Parce que rien n’est jamais simple 2022 – #32 [par Yann Kerveno]
46 % du continent affecté
La sécheresse ne sera pas qu’une question franco-française cette année, mais bien une question continentale. Après le fort coup de chaud de la mi-juillet qui a traversé l’Europe du Sud-Ouest vers le Nord-Est, éreintant l’Espagne et le Portugual, la France, mais aussi le Royaume-Uni et jusqu’aux pays nordiques en passant par l’Allemagne, c’est 46 % du territoire européen qui était en situation de sécheresse, et 11 % étant en alerte haute. L’impact sur les cultures sera important en France, mais aussi en Espagne, au Portugal, en Grèce ainsi qu’en Roumanie et en Hongrie a prévenu le Joint Research Center de la commission européenne dans un rapport rendu public le 18 juillet. Une sécheresse qui pourrait, indique le rapport, réduire à néant tous les efforts entrepris pour tenter d’atténuer l’impact de l’absence des productions ukrainiennes sur le marché à cause de la guerre menée par la Russie.
Un été de feu
Nos voisins espagnols ont d’ailleurs payé un lourd tribut à cette deuxième vague de canicule survenue en juillet, avec des dizaines de décès et des incendies sans commune mesure avec ce que nous connaissons malheureusement en France. Depuis le début de l’année ce sont 200 000 hectares qui sont partis en fumée, 11 fois les surfaces de forêt détruites en Gironde fait remarquer Serge Zaka sur twitter. Contre une moyenne d’environ 65 000 hectares brûlés entre 2006 et 2021. En France, le total des surfaces brûlées atteignait 40 000 hectares au 20 juillet dernier pour une moyenne annuelle d’environ 10 000 hectares pour la même période. Et nous ne sommes que fin juillet, sans signe que la sécheresse et la chaleur s’évacuent dans les toutes prochaines semaines.
Et le pastoralisme
Mais revenons en Espagne, qui enregistre sa pire année, dépassant même 2012, où les syndicats agricoles mettent en cause la désertification rurale dans le développement des incendies.

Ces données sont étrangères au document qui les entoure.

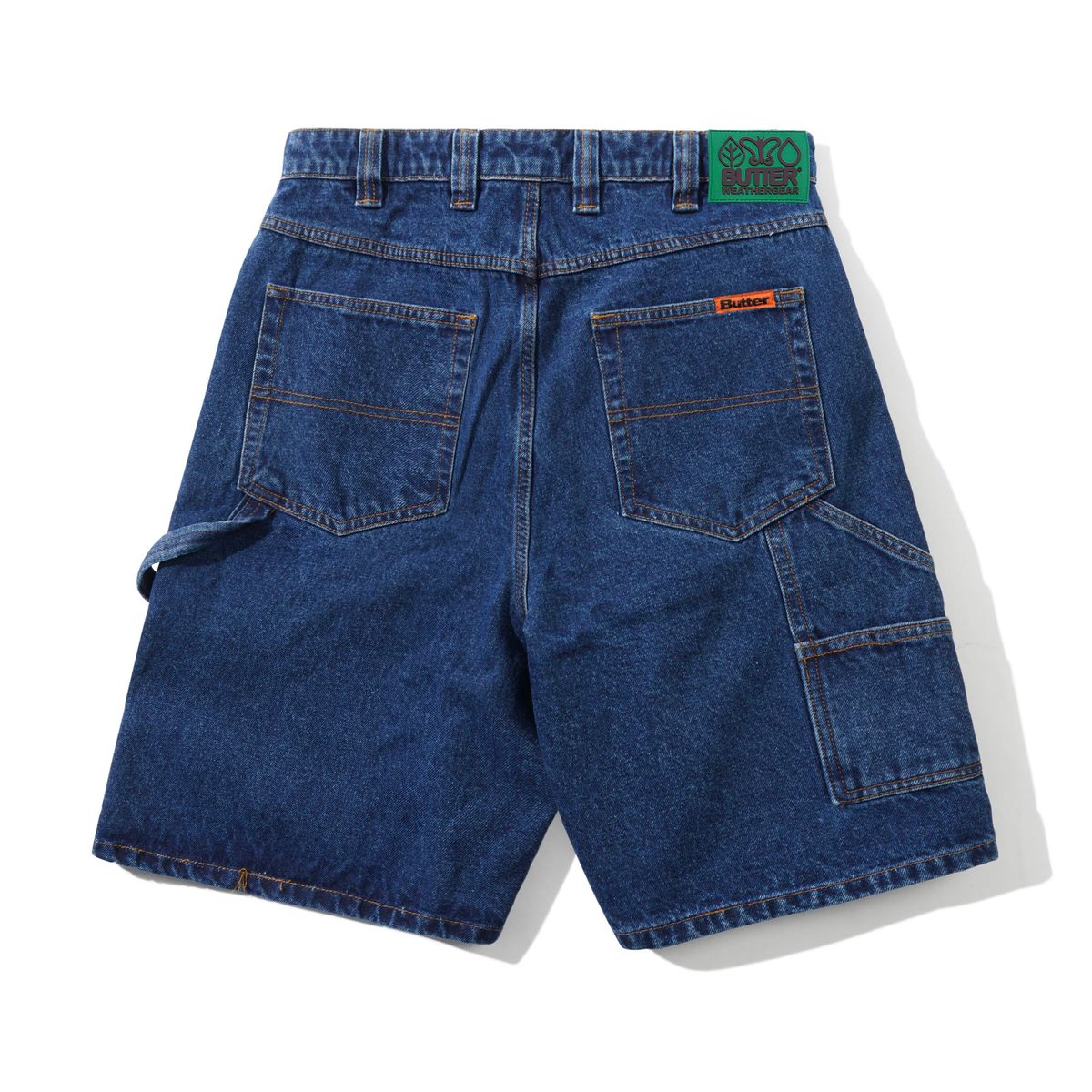 Butter Goods Weathergear Denim Shorts in Repaired Indigo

Dans le pays, 32 villages ont dû être évacués à cause des risques d’incendie depuis le début de l’été. Les syndicats appuient sur le rôle essentiel du pastoralisme, seul à même de réduire le combustible qui s’accumule de 90 %.
Victimes collatérales ?
La guerre en Ukraine, on a malheureusement eu le temps de s’en apercevoir, perturbe bien au-delà du marché des céréales dans le monde entier et les dernières victimes en date pourraient bien être les légumineuses. En effet, si elles sont plébiscitées par les diététiciens et les agronomes, les lentilles et autres pois pourraient se voir grignoter grandement la sole par les céréales et les oléagineux, histoire de compenser ce que l’Ukraine ne pourra pas produire ou exporter. Et ce d’autant que le changement climatique va déjà provoquer une baisse de 20 % de la récolte mondiale de pois chiches. Alors qu’avec la hausse du prix des engrais, les légumineuses auraient pu largement tirer leur épingle du jeu.
Le Brésil fonce sur le maïs
Pendant que les producteurs de maïs et de soja européen s’emportent de la décision de l’Union de barrer ces deux cultures de la récupération des 4 % de jachères (en réponse à la guerre en Ukraine), les producteurs brésiliens s’en donnent à cœur joie. Les estimations de semis pour la campagne 2022-2023 tablent sur 22,5 millions d’hectares, 800 000 hectares de plus que lors de la dernière campagne et les exportations pourraient atteindre 46,5 millions de tonnes, deux millions de plus que l’an passé.